Artist Retreat Left a Charred in California

May 5, 2004
A 300-acre nature preserve where artists came to escape the speed and stress of modern life was no match for the fury of nature.

TEMECULA, Calif. (AP) -- A 300-acre nature preserve where artists came to escape the speed and stress of modern life was no match for the fury of nature.

One of Southern California's wildfires reduced the Dorland Mountain Arts Colony, founded in 1979 in the foothills of Palomar Mountain, to a pile of cinderblocks and rubble Monday.

``It's so difficult to think about it being gone,'' said Karen Parrott, executive director of the retreat, which has housed artists and writers including ``The Lovely Bones'' author Alice Sebold.

At the retreat Tuesday, blackened walls stood next to a charred file cabinet and bathtub. A melted refrigerator leaned against a wood-burning stove.

Parrott said the fire destroyed valuable antiques once owned by the colony's late founders Ellen and Robert Dorland, including a Steinway grand piano believed to have been played by renowned Russian pianist Sergei Rachmaninoff.

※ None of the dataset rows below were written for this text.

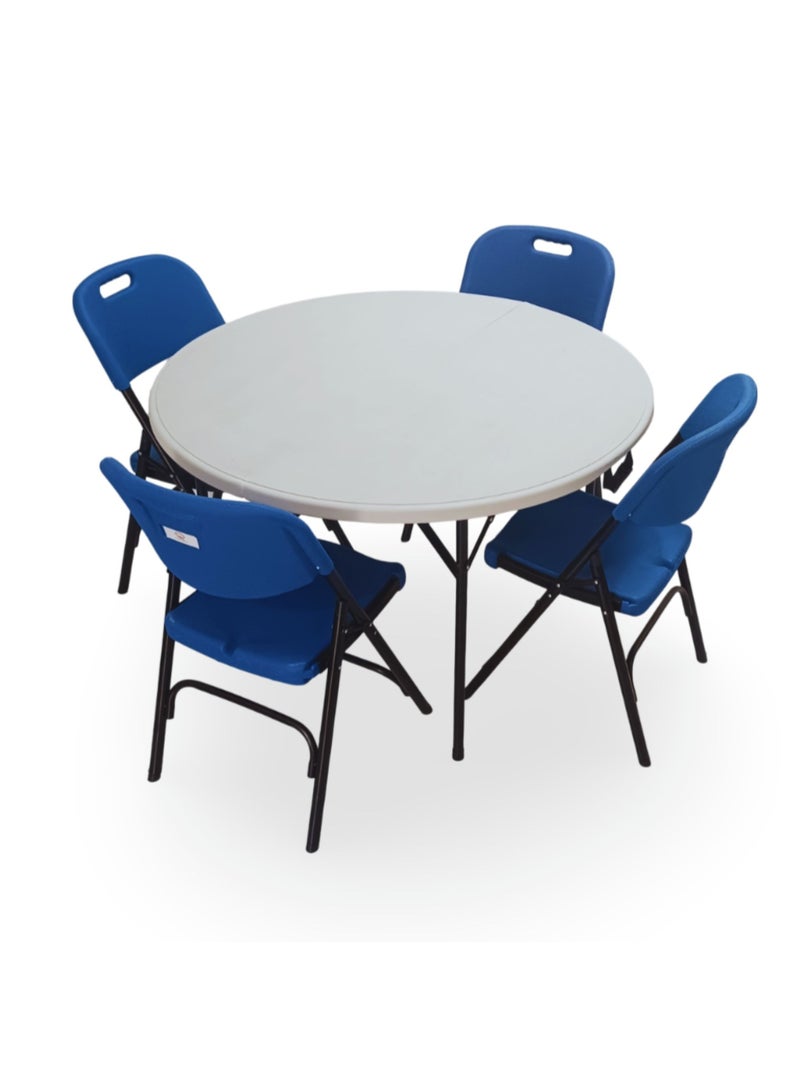 صن بوت كوميرس طقم أثاث قابل للطي مكون من خمس قطع طاولة محمولة مقاس 120 سم مع أربعة كراسي زرقاء - Image 1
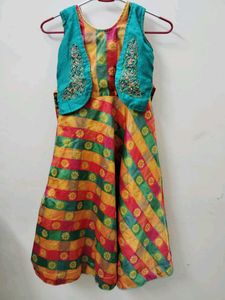 7 Yesrs Girls' Dress with Embroidered Vest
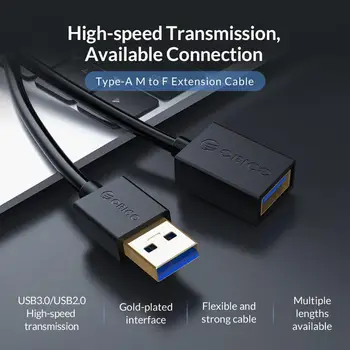 ORICO Veida USB pagarinātāja Vads USB3.0 Sieviešu un Vīriešu Paplašinātāju Vadu Datu Sinhronizācijas Ātra Kabeļu Pagarināts Klēpjdatoru Smart TV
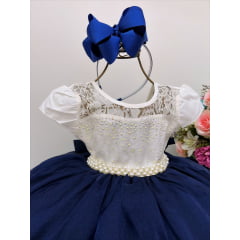 Vestido Infantil Azul Marinho e Off Luxo Festas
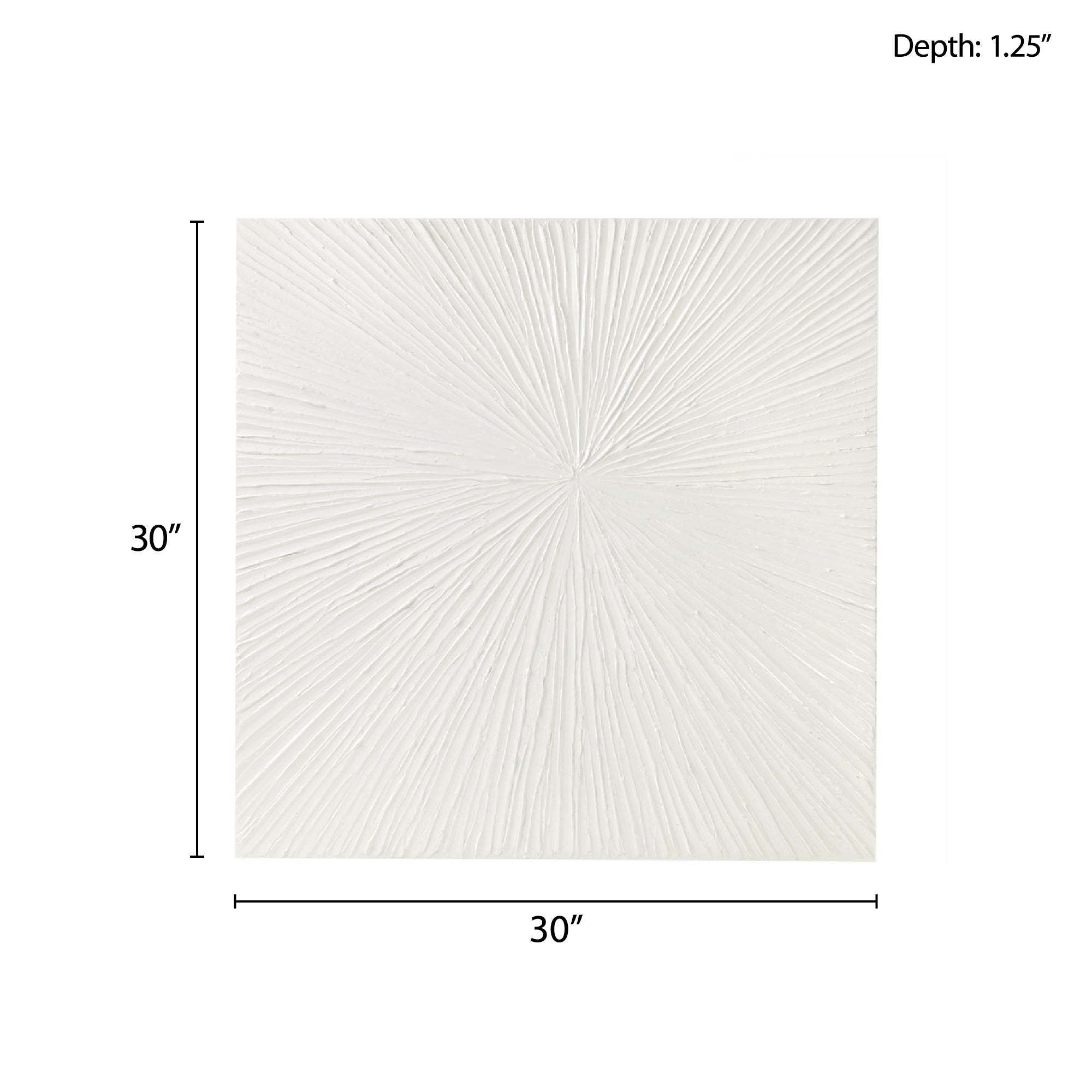 Luminous Burst Signature White Gloss Dimensional Resin Wall Art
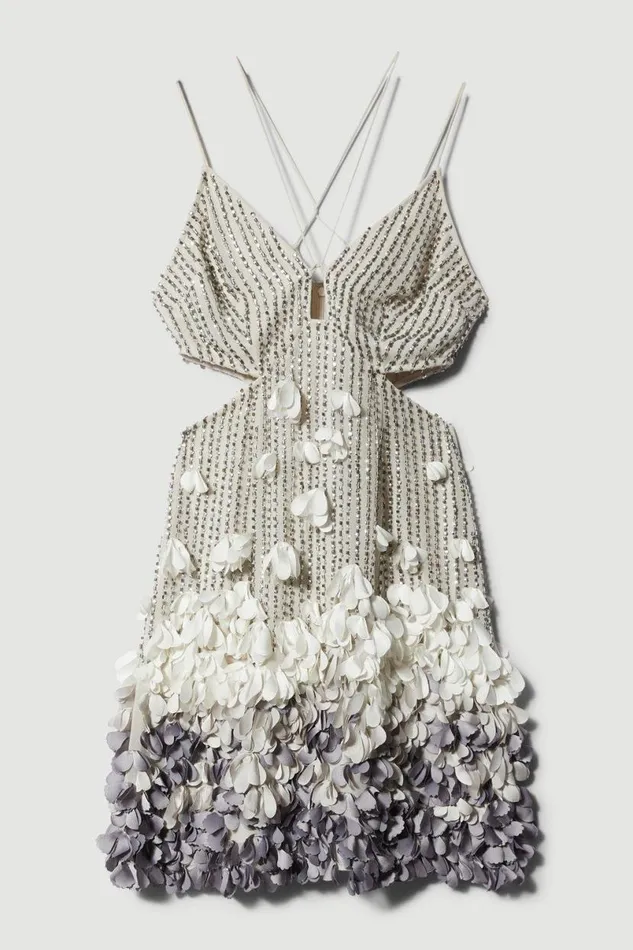 Crystal Applique Deep V Woven Mini Dress Gun Metal Women Karen Millen Dresses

The Dorlands lived in Pasadena in the 1930s and built an adobe house in the rural hills in southern Riverside County as an escape from city life. After her husband died, Ellen Dorland founded the artist colony in 1979.

It operated as a nonprofit organization, relying on donations to offer invited artists a quiet place to work during one- to three-month stays. In 1988, the Nature Conservancy designated the property a nature preserve, Parrot said.

The blaze destroyed the nine cottages at the arts colony along with other structures, including a workshop owned by the University of California at Riverside.

``We lived with nature surrounding us, and it fed our soul,'' Parrott said. ``In this day and age where technology pushes us to go faster and faster, and we live on the presumption that it's making our lives easier when in fact it's making it more complicated, Dorland was a haven.''

Parrott hadn't been able to inspect the fire damages and said it was too early to speculate whether the colony could be rebuilt.

``In my heart, I hope so,'' she said.